5. Toutefois, il n'est pas établi que la communication immédiate des documents mentionnés dans la demande soumise au juge des référés soit nécessaire à l'introduction d'un recours en contestation des saisies administratives à tiers détenteur, eu égard à la faculté dont dispose la société requérante à l'appui de ce recours, d'une part, de justifier avoir demandé en vain la communication de ces documents et, d'autre part, de demander au tribunal saisi d'user de ses pouvoirs généraux d'instruction pour demander au défendeur la production des documents utiles à la solution du litige.
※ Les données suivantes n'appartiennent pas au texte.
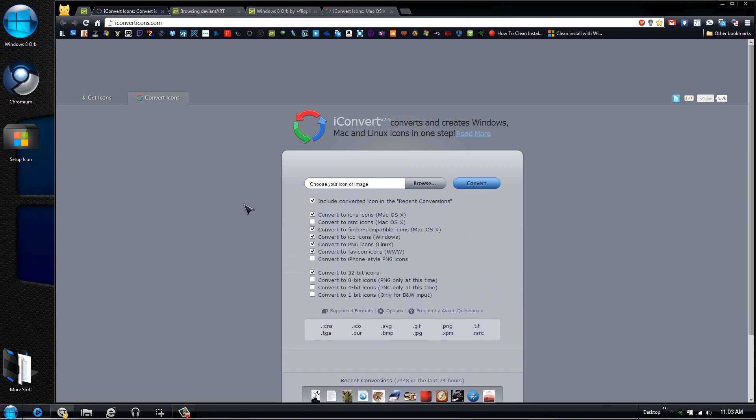You can convert to RSRC icons, you can also convert to the iPhone style PNG icons as well, and then you can use the 8-bit for this and etc.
6. Il résulte de ce qui précède que les conclusions de la société Almerys tendant à la communication de documents ne présentent pas le caractère d'urgence exigé par l'article L. 521-3 du code de justice administrative. Par suite, sans qu'il soit besoin de se prononcer sur les autres conditions du référé mesure-utile, la requête doit être rejetée en toutes ses conclusions, selon la procédure prévue par l'article L. 522-3 du code de justice administrative.

O R D O N N E :

Article 1er : La requête de la société Almerys est rejetée.

Article 2 : La présente ordonnance sera notifiée à la SAS Almerys et au centre hospitalier universitaire de Nîmes.

Fait à Nîmes, le 3 mai 2024.

Le juge des référés,

P. PERETTI

La République mande et ordonne au ministre du travail, de la santé et des solidarités en ce qui le concerne ou à tous commissaires de justice à ce requis en ce qui concerne les voies de droit commun contre les parties privées, de pourvoir à l'exécution de la présente décision.